Il farro è un tipo di frumento che viene coltivato e utilizzato in tutta Italia sin dall’antichità, ma il farro di Monteleone di Spoleto (comune umbro a confine con la regione Lazio) ha una particolare caratteristica: è il primo ad aver ottenuto il riconoscimento DOP in Europa.
Dalle leggende alle testimonianze storiche
Una leggenda narra che è stato San Nicola di Bari a far arrivare il farro a Monteleone di Spoleto. Il Santo, passando nella cittadina umbra, fu particolarmente colpito dalle condizioni di estrema povertà dei suoi abitanti e diede loro in dono del farro per sfamare i più poveri. Questa leggenda sarebbe però una trasposizione di un episodio della biografia del Santo, secondo la quale egli aveva inviato il farro agli abitanti della città di Mira (in provincia di Venezia), stremati dalla fame dopo un lungo periodo di carestia.
Oltre a questa leggenda, esistono anche testimonianze storiche sulla coltivazione del farro in Umbria. Nella “tomba della biga” di origine etrusca (VI secolo a.C.) rinvenuta nel comune di Monteleone, sono stati ritrovati attrezzi che venivano utilizzati per la lavorazione dei cereali e, tra le tracce dei vari cereali, sono stati ritrovati dei chicchi di farro. Anche la storia contemporanea è testimone di questa coltivazione: durante la Seconda Guerra Mondiale, i soldati tedeschi sottrassero alla popolazione di Monteleone tutti i mezzi di sostentamento, tranne il farro, che divenne così l’unica fonte alimentare per la popolazione locale.
Tipologie e tecnica di produzione
Il farro di Monteleone di Spoleto viene coltivato dall’ecotipo locale triticum dicoccum e vengono prodotte tre tipologie: integrale, semiperlato e spezzato. La zona di produzione comprende oltre al comune di Monteleone di Spoleto, anche quelli di Poggiodomo, Cascia, Sant’Anatolia di Narco, Vallo di Nera e Scheggino.
La tecnica di coltivazione è la stessa di centinaia di anni fa: dopo l’erpicatura (tecnica di spianamento del terreno), il farro viene tendenzialmente seminato in autunno o tra febbraio e maggio, a seconda dell’altitudine del luogo.
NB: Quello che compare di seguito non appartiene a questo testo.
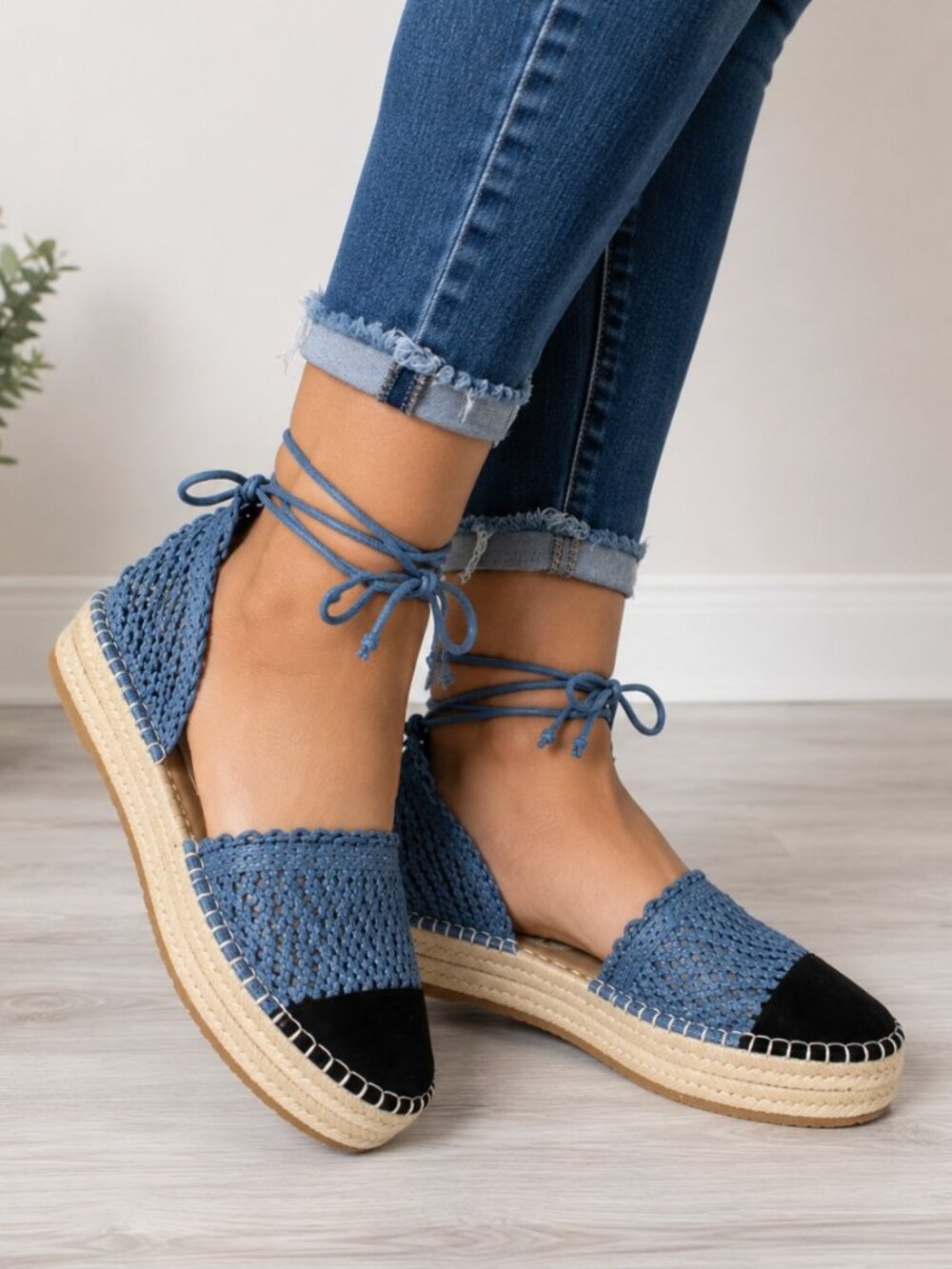 ALDO Blue Lace-Up Espadrille Flats Women's 8.5 Black Suede Toe Casual Shoes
Si concima con prodotti organici e viene raccolto generalmente tra luglio e settembre. I chicchi di ogni tipologia sono di forma allungata, un po’ ricurvi e di colore marrone chiaro, ambrato, ma ognuna di esse richiede delle fasi di lavorazione diversa. Il farro spezzato è un derivato di quello integrale, a cui viene tolta la pula (il rivestimento del chicco) e spezzato in tre o quattro parti. Da una sua ulteriore macinazione si ottiene il semolino di farro. Il farro semiperlato si può chiamare anche “decorticato” per via della mancanza di un leggero strato esterno di crusca; mentre l’integrale conserva anche le fibre esterne.
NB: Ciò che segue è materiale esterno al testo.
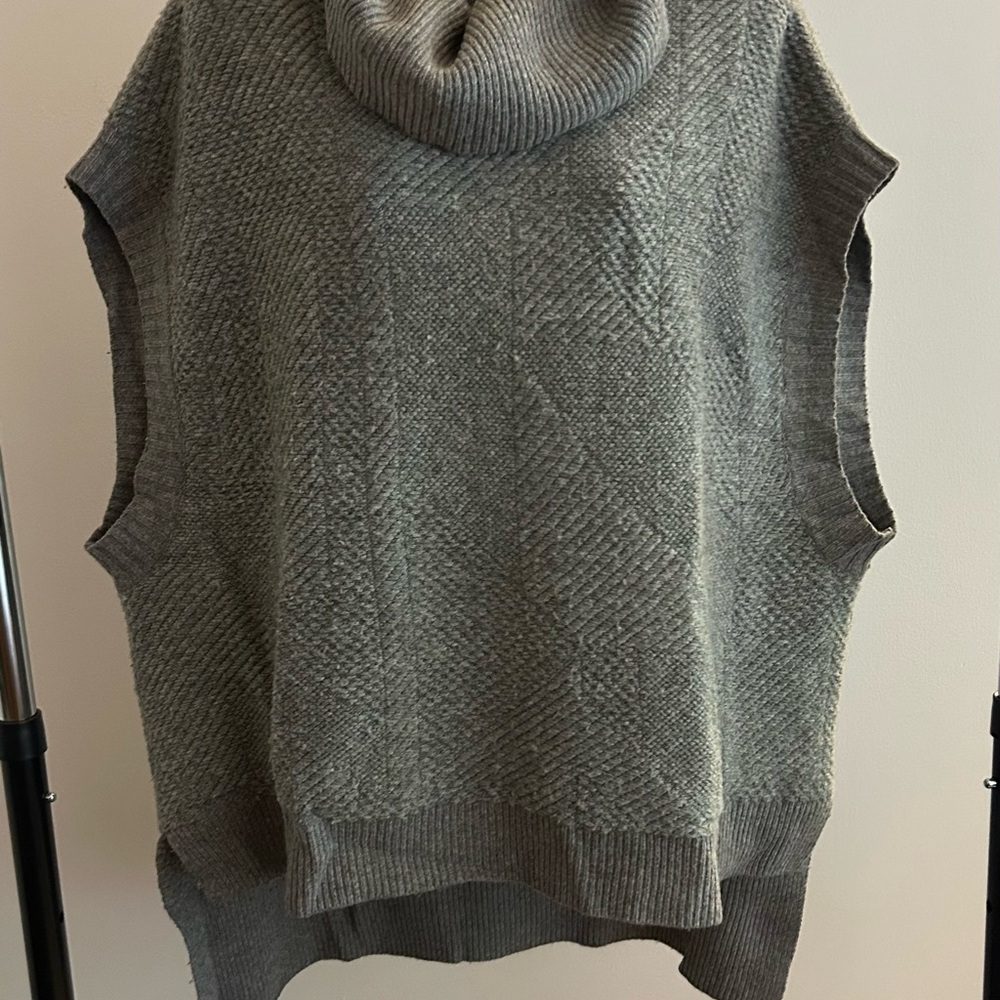 Vintage BCBGMaxAzria Gray Turtleneck Sweater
I molteplici usi in cucina
L’utilizzo culinario di questo prodotto è molto vasto, dalla preparazione di minestre calde fino a insalate fredde. La farina di farro è ottima per preparare sia prodotti dolci (come crostate e biscotti) sia prodotti salati, come le focacce. Una ricetta tipica umbra è l’imbrecciata: una zuppa di legumi della tradizione contadina, il cui nome paragona la breccia (ghiaia) ai diversi tipi di legumi che vengono utilizzati in questo piatto.